Do the benefits of online research in schools outweigh the risk that children may happen upon risque material? (About 70 percent of adults believe children’s grades stay the same despite Internet activity.) 

Can Internet commerce cripple traditional retail stores or create healthy competition? (About 65 percent of Internet purchasers say they buy less from traditional shops.) 

Will people ignore relatives and friends in favor of chat-room acquaintances? (Three-quarters of respondents say they are not ignored.) 

Ironically, lack of privacy is the greatest concern of those surveyed. 

About two-thirds of Internet users agree that people who go online put their privacy at risk, the study showed. 

“What we’ve found is that almost no one is afraid of the government monitoring us,” Cole said. “They’re afraid corporations are watching what they do.” 

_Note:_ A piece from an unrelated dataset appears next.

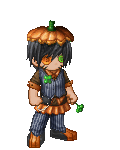 Pumpkins, sir!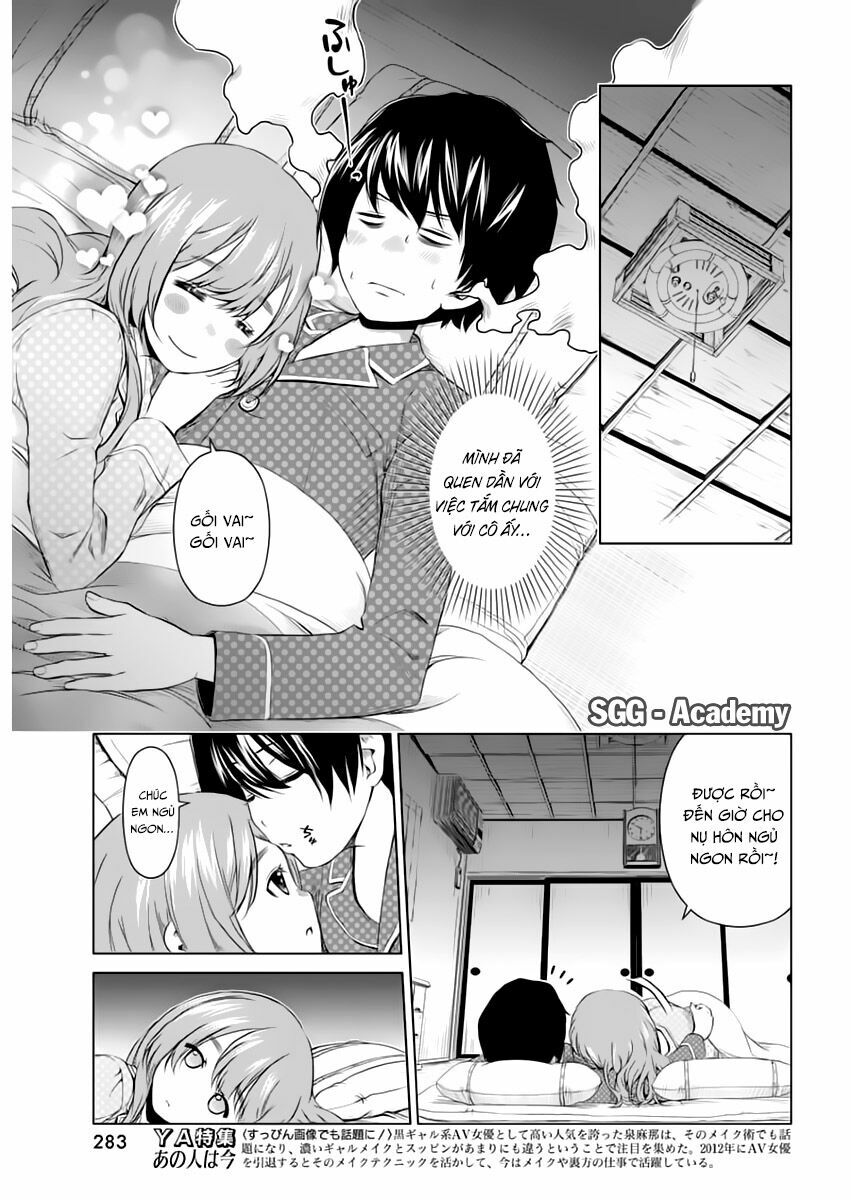 Re:marina: Chapter 48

The most consistent source of profit on the Internet, Cole said, is pornography. But he acknowledged it was too difficult to get survey participants to answer truthfully to draw any conclusions on its impact. 

The survey also leaves other questions unanswered. 

Does Internet access make workers more productive or does it tempt them to slack off? What do people sacrifice to spend time online: hobbies, television, exercise, sleep? 

Cole said he hopes to continue the study over the next 10 to 20 years in an effort to address more issues relating to the technology. 

Right now, Internet users say that e-mail, Web sites and chat rooms have a “modestly positive impact” on their abilities to make new friends and communicate more with family, according to the survey. 

Lee Rainie, director of the Pew Internet and American Life Project, said the report supports his own findings that the Internet is a tool that unites more people than it isolates. 

“There is some evidence that people make and sustain long distance friendships online,” Rainie said. “They get health care information that they couldn’t get before. A goodly number say it helps them manage finances better.”